Given a single byte, returns a bytes object of length 1 containing that byte. This is a more efficient way of writing:

join_bytes([arg])

In Python 2 this is a no-operation but in Python 3 it is effectively the same as the above.

2.2.2. Printing to stdout

pyslet.py2.output(txt)

Simple function for writing to stdout

Not as sophisticated as Python 3’s print function but designed to be more of a companion to the built in input.

2.2.3. Numeric Definitions

pyslet.py2.long2()

Missing from Python 3, equivalent to the builtin int.

2.2.4. Iterable Fixes

Python 3 made a number of changes to the way objects are iterated.

pyslet.py2.range3(*args)

Uses Python 3 range semantics, maps to xrange in Python 2.

pyslet.py2.dict_keys(d)

Returns an iterable object representing the keys in the dictionary d.

pyslet.py2.dict_values(d)

Returns an iterable object representing the values in the dictionary d.

2.2.5. Comparisons

class pyslet.py2.SortableMixin

Bases: object

Mixin class for handling comparisons

Utility class for helping provide comparisons that are compatible with Python 2 and Python 3. Classes must define a method sortkey() which returns a sortable key value representing the instance.

Derived classes may optionally override the classmethod otherkey() to provide an ordering against other object types.

This mixin then adds implementations for all of the comparison methods: __eq__, __ne__, __lt__, __le__, __gt__, __ge__.

sortkey()

Returns a value to use as a key for sorting.

By default returns NotImplemented.
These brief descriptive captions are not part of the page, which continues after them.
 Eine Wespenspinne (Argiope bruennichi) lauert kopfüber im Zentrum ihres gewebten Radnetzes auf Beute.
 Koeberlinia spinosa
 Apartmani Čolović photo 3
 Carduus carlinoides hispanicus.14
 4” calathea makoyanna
This value causes the comparison functions to also return NotImplemented.

otherkey(other)

Returns a value to use as a key for sorting

The difference between this method and sortkey() is that this method takes an arbitrary object and either returns the key to use when comparing with this instance or NotImplemented if the sorting is not supported.
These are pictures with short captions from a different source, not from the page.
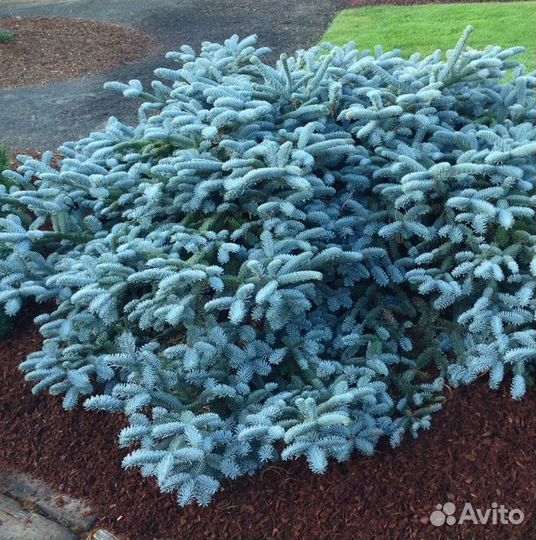 Еловые ветки для укрытия растений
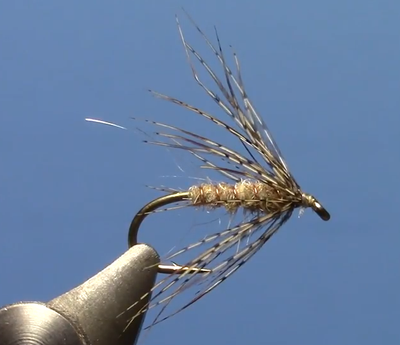 Fly Tying with Hans - Partridge & Hare Soft Hackle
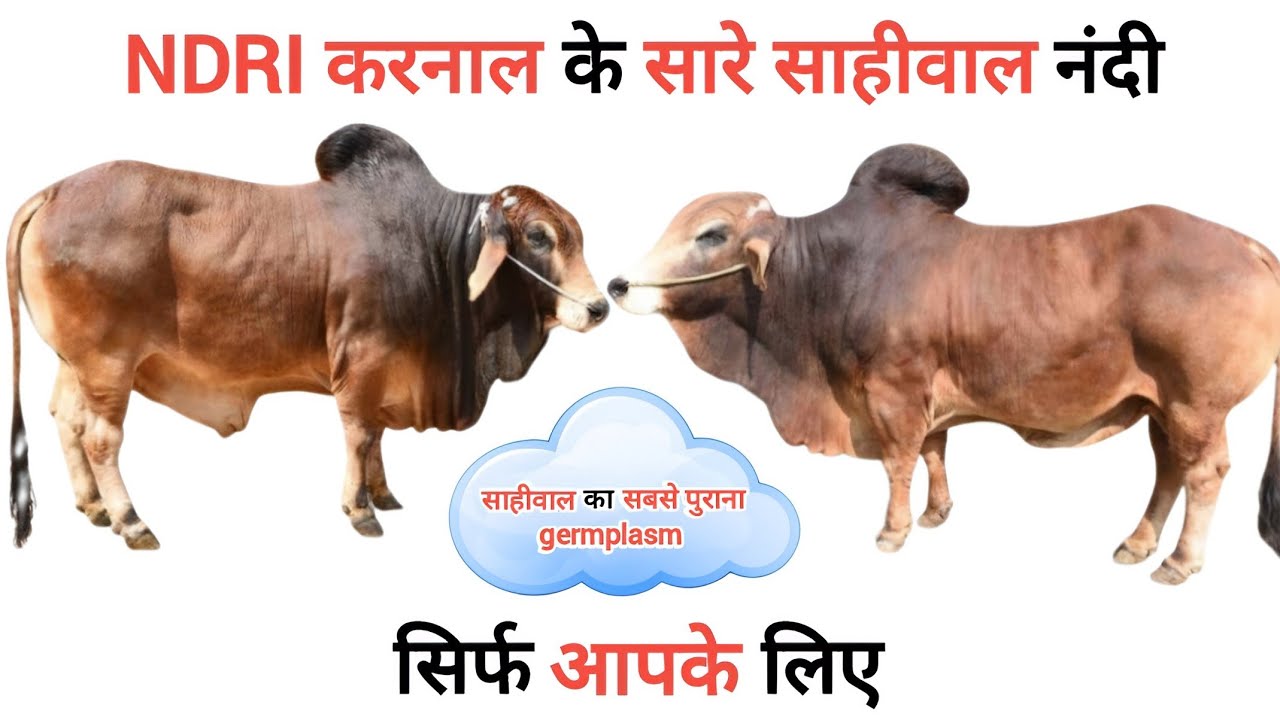 ndri karnal के सारे sahiwal नंदी🔥| ndri karnal sahiwal bull | sahiwal bull latest video 👍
You don’t have to override this implementation, by default it returns other.sortkey() if other is an instance of the same class as self, otherwise it returns NotImplemented.

class pyslet.py2.CmpMixin

Bases: object

Mixin class for handling comparisons

For compatibility with Python 2’s __cmp__ method this class defines an implementation of __eq__, __lt__, __le__, __gt__, __ge__ that are redirected to __cmp__. These are the minimum methods required for Python’s rich comparisons.

In Python 2 it also provides an implementation of __ne__ that simply inverts the result of __eq__. (This is not required in Python 3.)

2.2.6. Misc Fixes

Imports the builtins module enabling you to import it from py2 instead of having to guess between __builtin__ (Python 2) and builtins (Python 3).
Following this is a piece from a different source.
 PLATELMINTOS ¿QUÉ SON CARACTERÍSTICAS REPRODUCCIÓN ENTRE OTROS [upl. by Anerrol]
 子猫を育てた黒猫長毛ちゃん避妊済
pyslet.py2.urlopen(*args, **kwargs)

Imported from urllib.request in Python 3, from urlib in Python 2.

pyslet.py2.urlencode(*args, **kwargs)

Imported from urllib.parse in Python 3, from urlib in Python 2.

pyslet.py2.urlquote(*args, **kwargs)

Imported from urllib.parse.quote in Python 3, from urlib.quote in Python 2.

pyslet.py2.parse_qs(*args, **kwargs)

Imported from urllib.parse in Python 3, from urlparse in Python 2.